3 Approved without Funding

Registration date

Leading Institute
FEI (IPPE), Russia, Kaluga reg., Obninsk


  • Tokyo Institute of Technology, Japan, Tokyo\nCEA / DRN / DER / CEN Cadarache, France, Cadarache\nENEA, Italy, Bologna

Project summary


Emergency standards of countries involved into the development and operation of nuclear power facilities of different purposes cooled by liquid metal coolants consider an onset of liquid metal boiling within reactor core as accident situation. Previously performed first experimental and numerical investigations into the liquid metal boiling in the pin bundles simulating fast reactor fuel subassembly shown that, under definite conditions, a stable heat removal from the structure to liquid metal can be observed without attainment of an accident, that improved reliability of nuclear power facilities.
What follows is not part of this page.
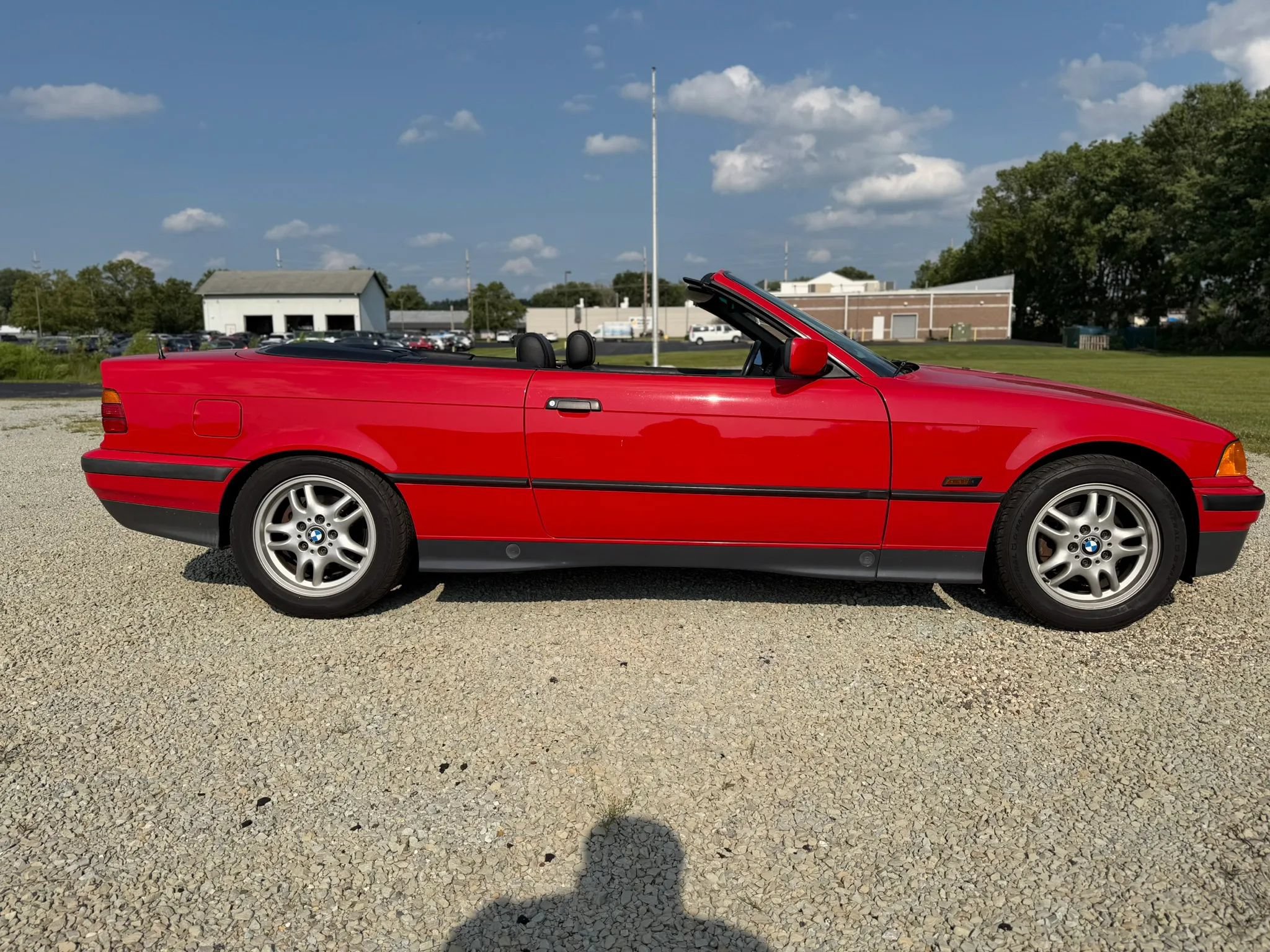 Used 1995 BMW 325i Convertible RWD image 4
The purpose of the project is to study an opportunity for stable heat removal in fast reactor core under low-flow conditions (simulating reduction of coolant flow rate or loss-of-flow accident, emergency heat removal) in case of boiling of liquid metal coolant; to develop reliable advanced prediction approaches, as well as to study detection techniques for liquid metal boiling and ways to delay heat transfer crisis due to using special means.

The final objectives of the suggested project are as follow:

· To define boundaries of steady boiling in view of influence of various factors (patterns of changes in power, flow rate, pressure, state of fuel pin surface, dimension of pin bundle, availability of parallel channels etc.);
· To study the following boiling characteristics: boundaries of boiling patterns; stability of coolant natural circulation in the contour containing one subassembly and system of parallel subassemblies; overheating needed for boiling onset; critical heat flux; characteristics of post dryout heat transfer;
· To give recommendations for setting a steady heat removal in fast reactor core in the event of liquid metal boiling;
· To develop an advanced prediction procedure and fast reactor core boiling thermohydraulic code;
· To have analysed numerically a thermal hydraulic characteristics of fast reactor core in the event of the boiling to occur under conditions of emergency heat removal.


Data on boundaries of steady heat removal in fast reactor core in the event of liquid metal boiling, advanced computer code developed to analyse thermohydraulic characteristics of fast reactor core in the event of liquid metal boiling, recommendations on using of detection means in liquid metal boiling , as well as on ways of delay of heat transfer crisis.


Research Laboratory for Nuclear Reactors at the Tokyo Institute of Technology can contribute to the project by simulating the experiments and by providing the computational results from two-fluid subchannel code for sodium boiling in a fuel subassembly. It can share the technical expertise gained during the code developments and validation. The code developmental efforts at the TIT are directed to the extending the analytical capabilities of sodium boiling two-phase flow to those of fuel pin disintegration including the cladding/fuel melting.